Kubrick, who subscribed to the
Bulletin of the Atomic Scientists and voraciously read nuclear warfare literature, had long been interested in the theme of nuclear war being started, in his words, “either by accident or madness.” He found a blueprint for a film in the novel Red Alert by Peter George, a former Royal Air Force pilot, and enlisted Peter Sellers, his collaborator on 1962’s Lolita, for the project. Praising the actor’s “high level of comedy acting skill,” he told THR’s Rambling Reporter in 1962, “I wanted to make this picture very much and Sellers is the only man who could make this possible.”
Kubrick’s vision of nuclear combat is intricately and logically plotted: After Gen. Jack D. Ripper (Sterling Hayden) orders an unauthorized first strike on the USSR, President Merkin Muffley (Sellers) desperately works the hotline to avoid Armageddon while excitable Gen. Buck Turgidson (George C. Scott in a rare comic role) wants to seize the opportunity. When things go south, the title scientist (Sellers again) concocts a survival plan for the lucky 1 percent, 90 percent of them attractive women. In the end, a newsreel montage of mushrooming H-bomb detonations explodes across the screen to the tune of Vera Lynn’s “We’ll Meet Again Someday.”
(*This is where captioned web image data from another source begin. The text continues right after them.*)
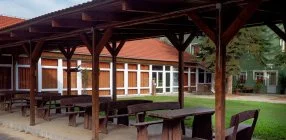 Zöldsziget Menedék Rendezvény és Pihenőház - Napi árak félpanziós ellátással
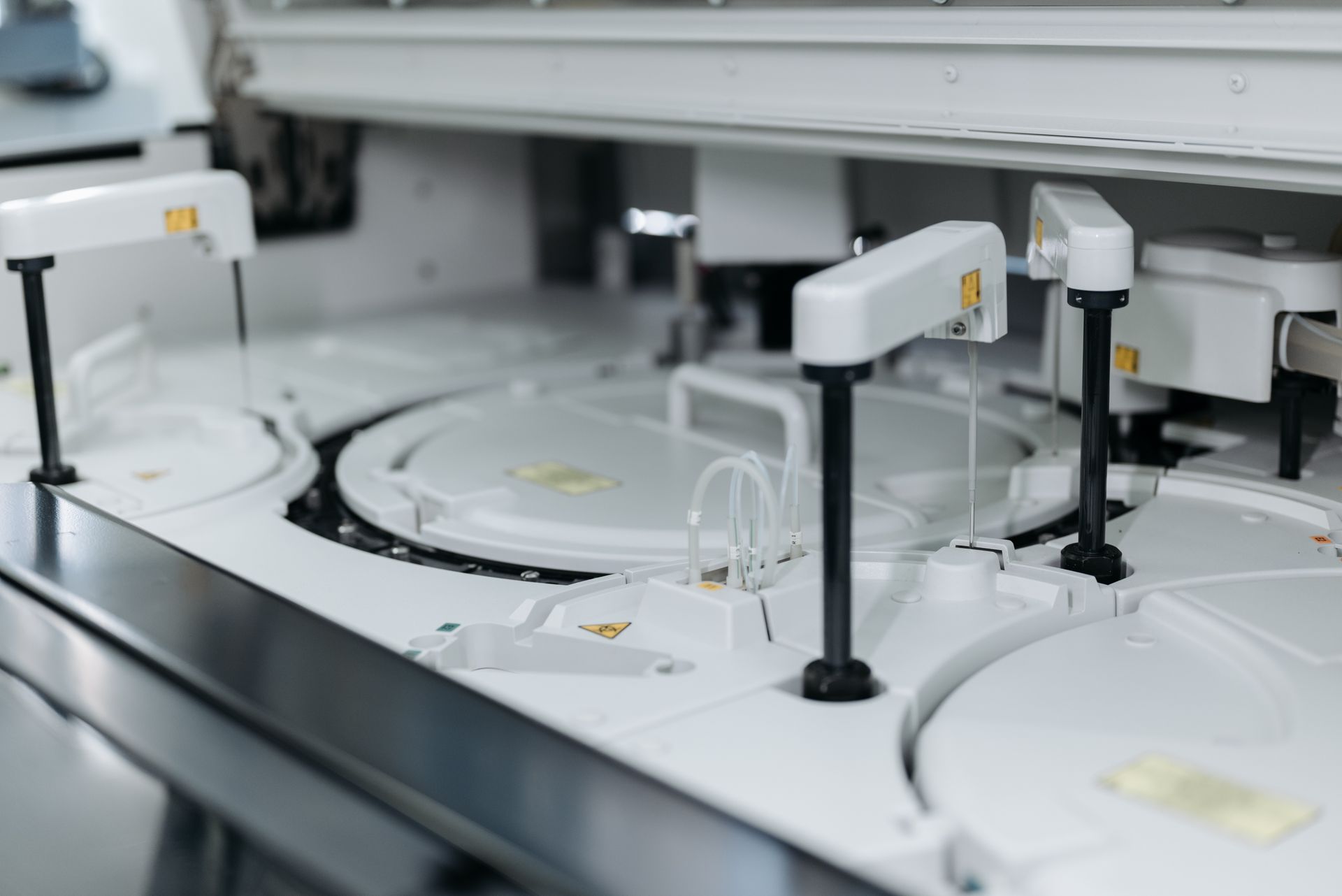 Specialised industrial and commercial equipment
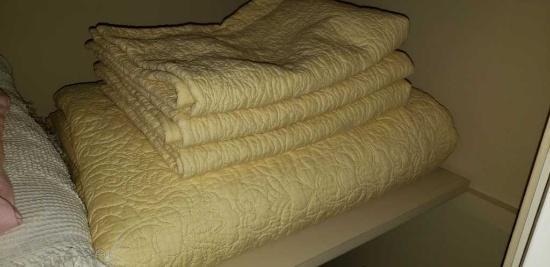 Queen Coverlet w/3 Standard Shams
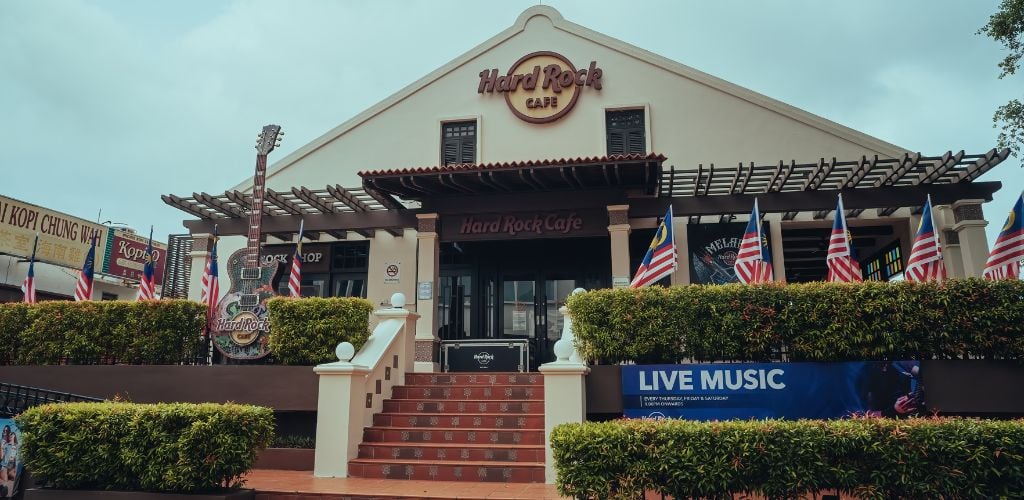 A front photo of Hard Rock Cafe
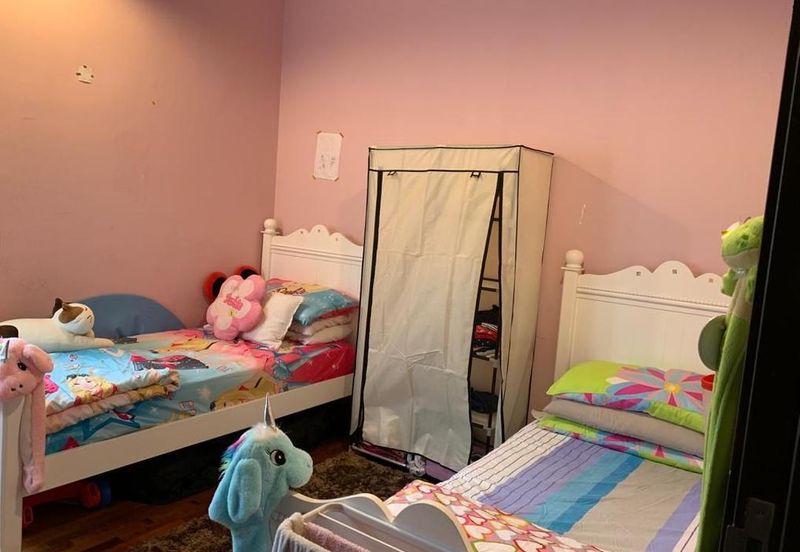 16 Quartz Melawati Condominium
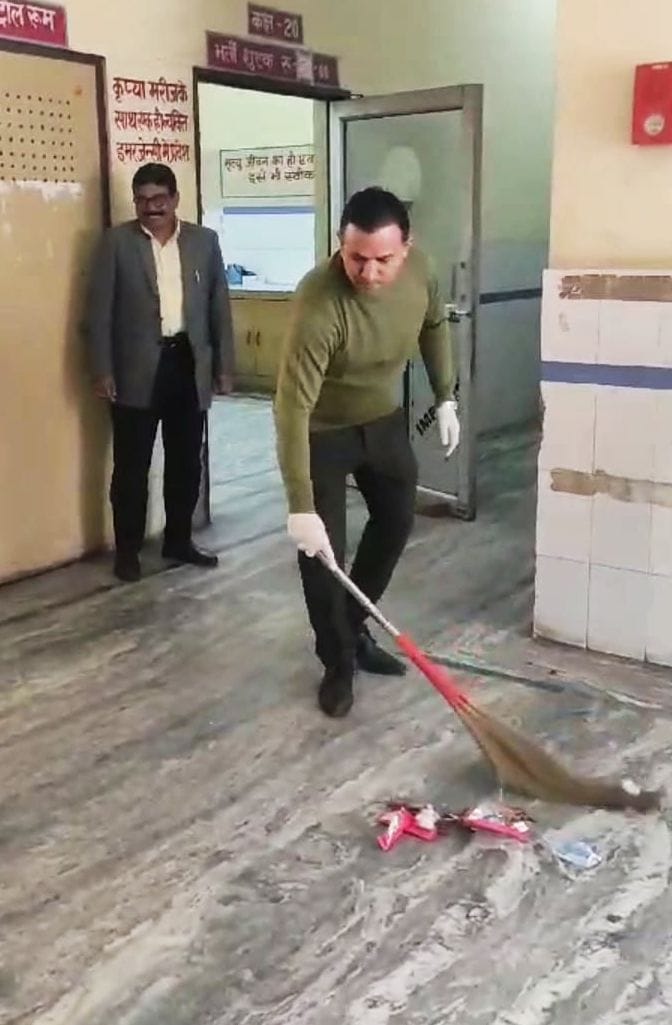 Doctors had to clean the hospital themselves
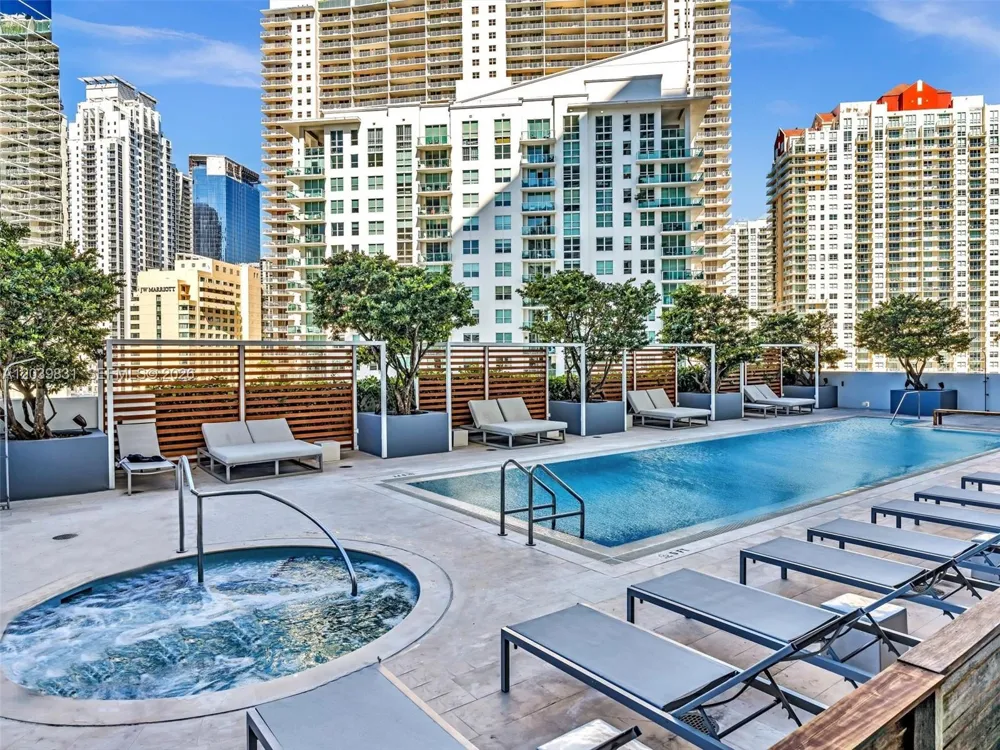 1300 E Brickell Bay Dr #4202 Miami, FL 33131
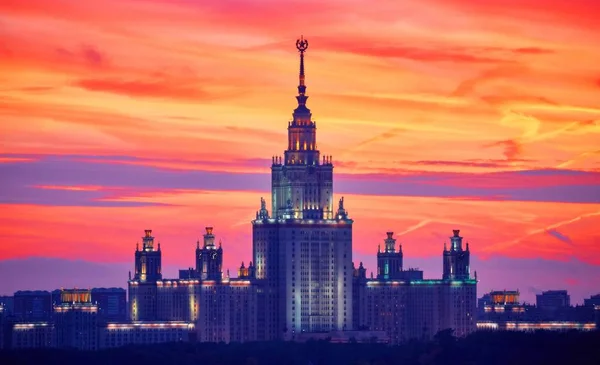 Silueta Iluminada Famosa Universidad Rusa Dramático Fondo Del Cielo Del — Foto de Stock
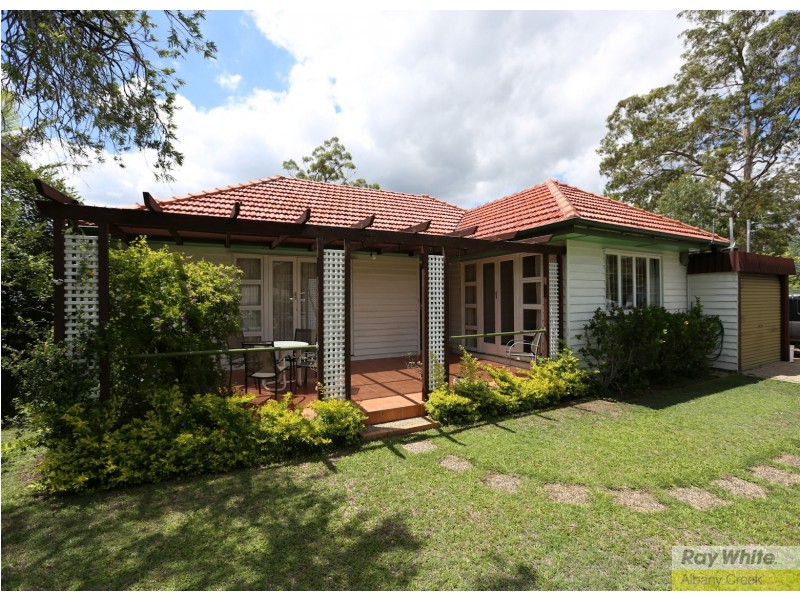 59 Plucks Road, Arana Hills QLD 4054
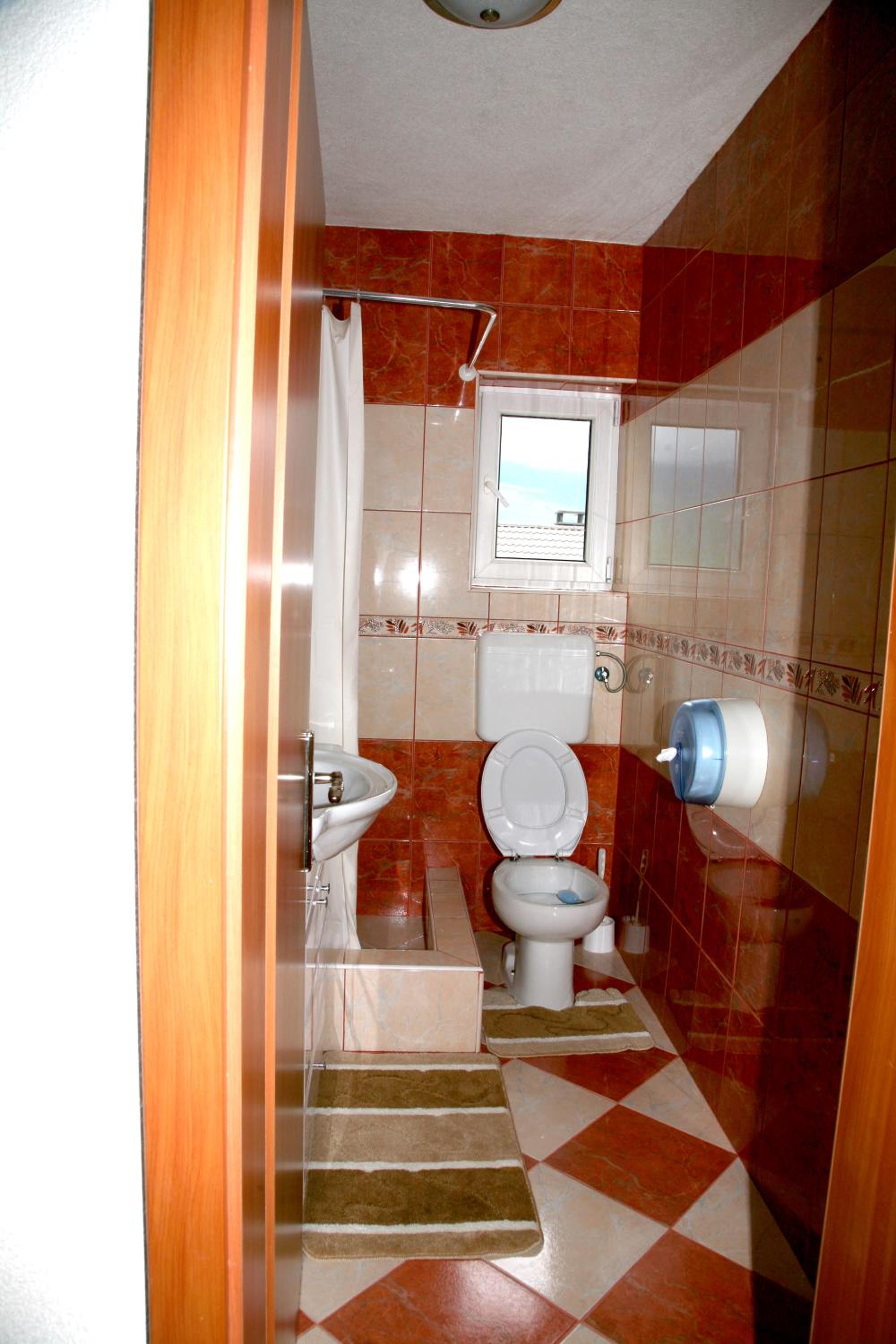 Two-Bedroom Apartment with Terrace - Photo 6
A Columbia Pictures release,
Strangelove was well received by critics and moviegoers, with
THR calling it “the cleverest satirical handling of a current global apprehension ever treated onscreen.” It earned Oscar noms for best picture, director, actor and adapted screenplay — incidentally, four of the categories for which Christopher Nolan’s nuclear war-themed Oppenheimer is nominated.